[Web page caption snippets]
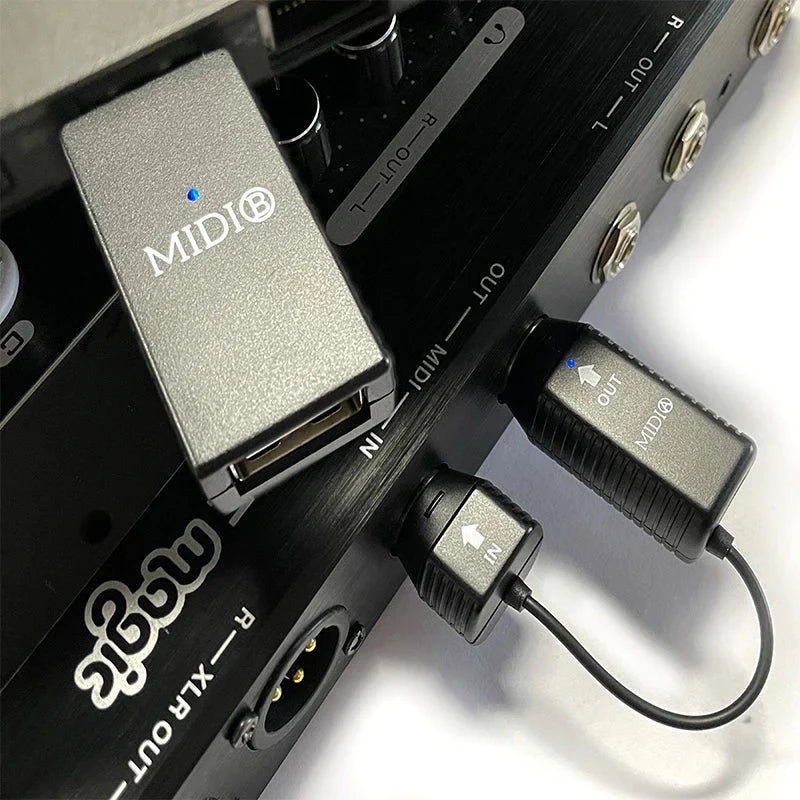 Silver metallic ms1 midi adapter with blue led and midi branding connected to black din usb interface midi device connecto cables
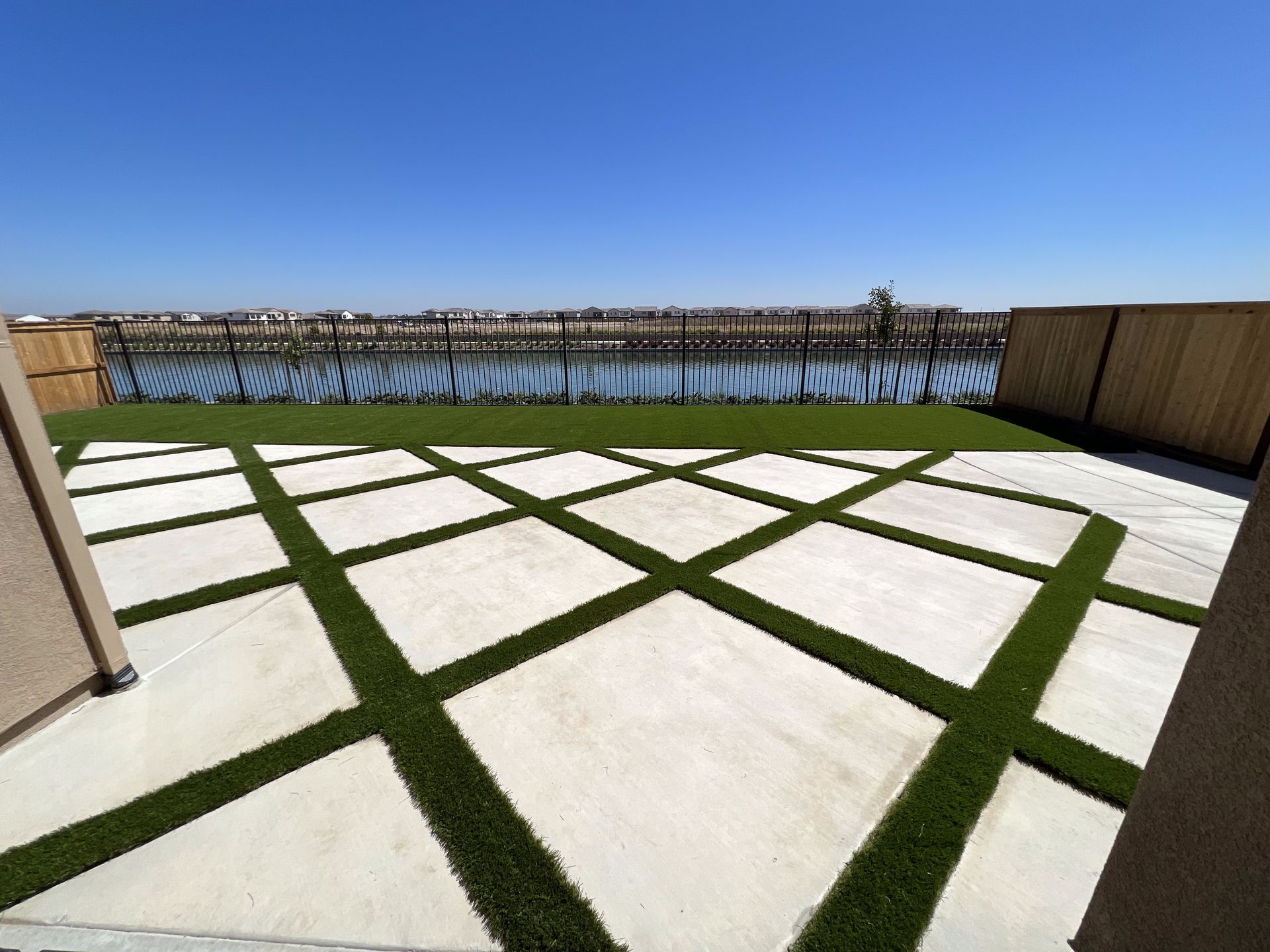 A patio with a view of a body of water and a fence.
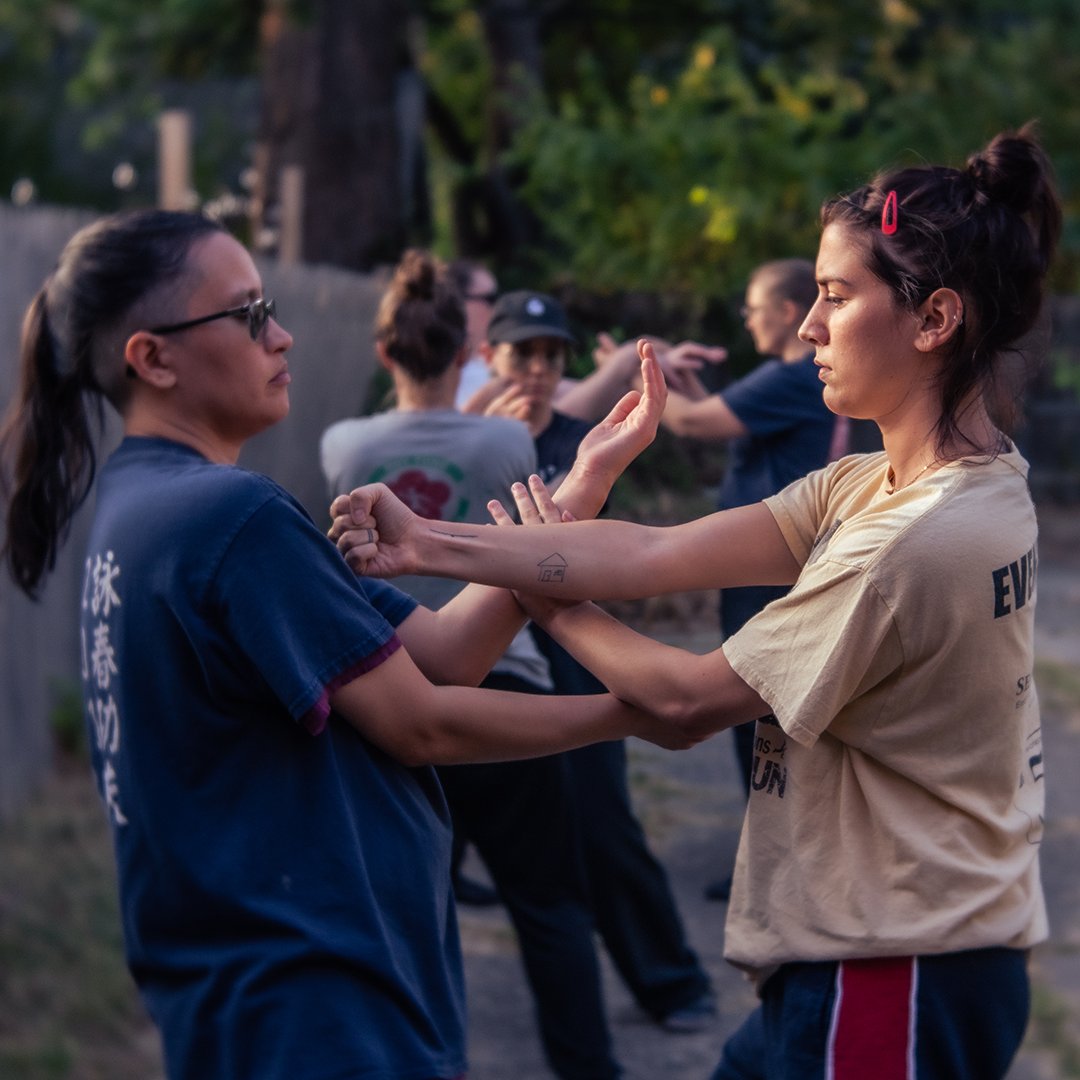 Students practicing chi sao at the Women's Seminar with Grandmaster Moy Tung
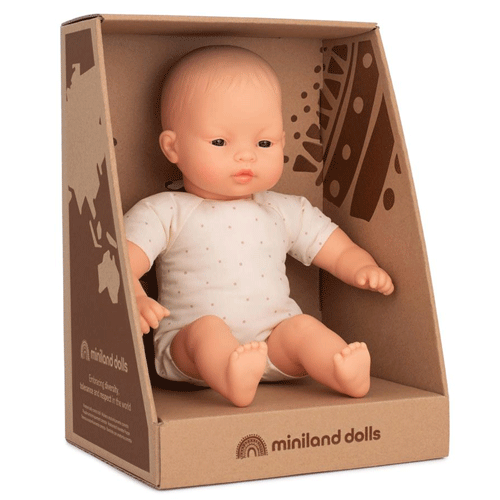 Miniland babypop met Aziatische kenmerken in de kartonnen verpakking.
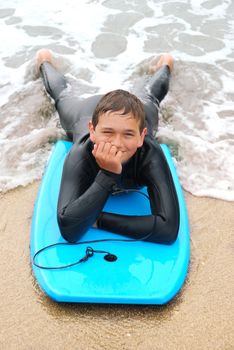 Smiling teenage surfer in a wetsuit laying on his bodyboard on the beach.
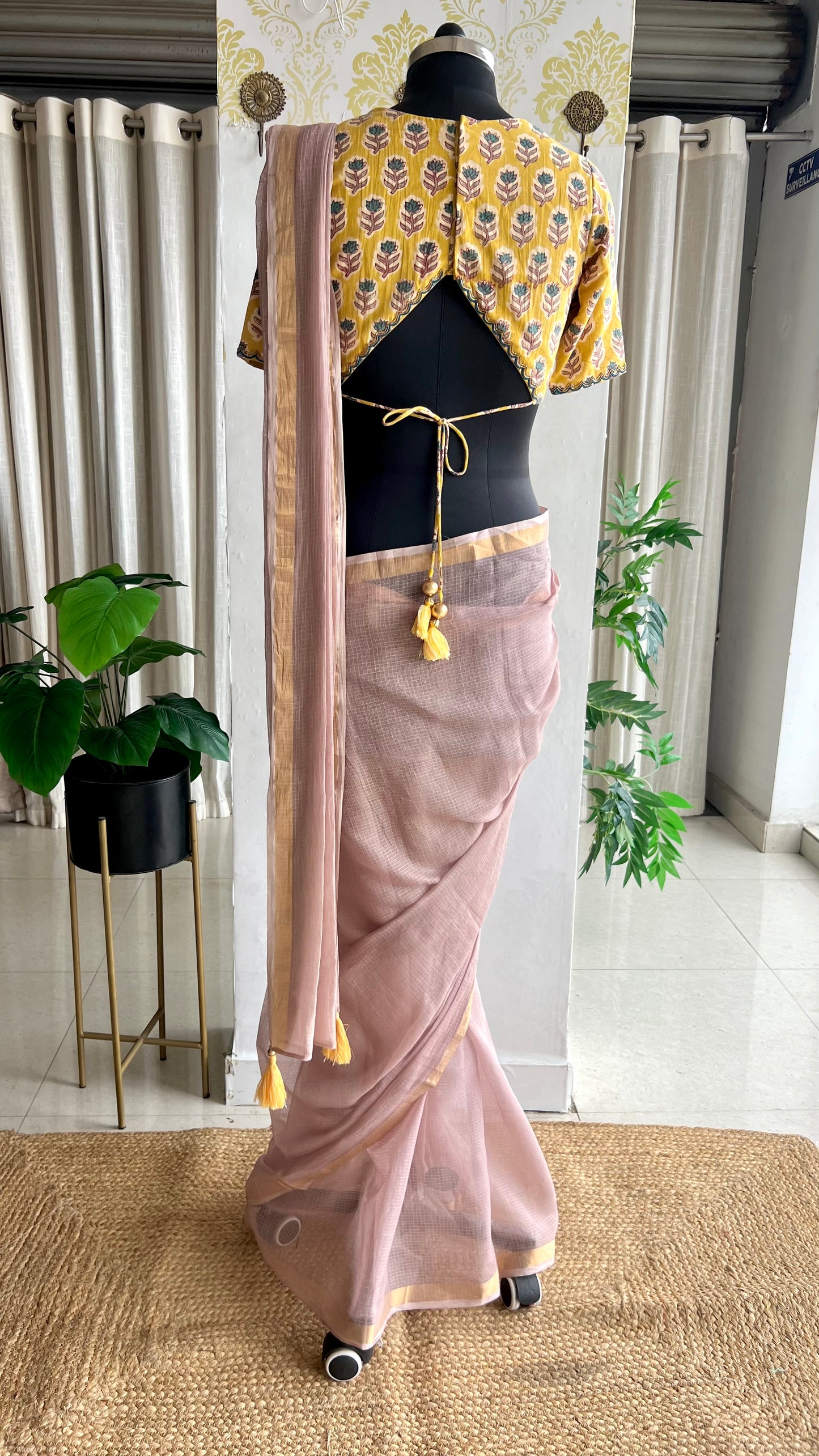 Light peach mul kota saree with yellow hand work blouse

• _PROBLEM DESCRIPTION_
Repeat all the records above exactly, leaving out any pictures.

• _THE COMPLETED TASK_
 Silver metallic ms1 midi adapter with blue led and midi branding connected to black din usb interface midi device connecto cables
 A patio with a view of a body of water and a fence.
 Students practicing chi sao at the Women's Seminar with Grandmaster Moy Tung
 Miniland babypop met Aziatische kenmerken in de kartonnen verpakking.
 Smiling teenage surfer in a wetsuit laying on his bodyboard on the beach.
 Light peach mul kota saree with yellow hand work blouse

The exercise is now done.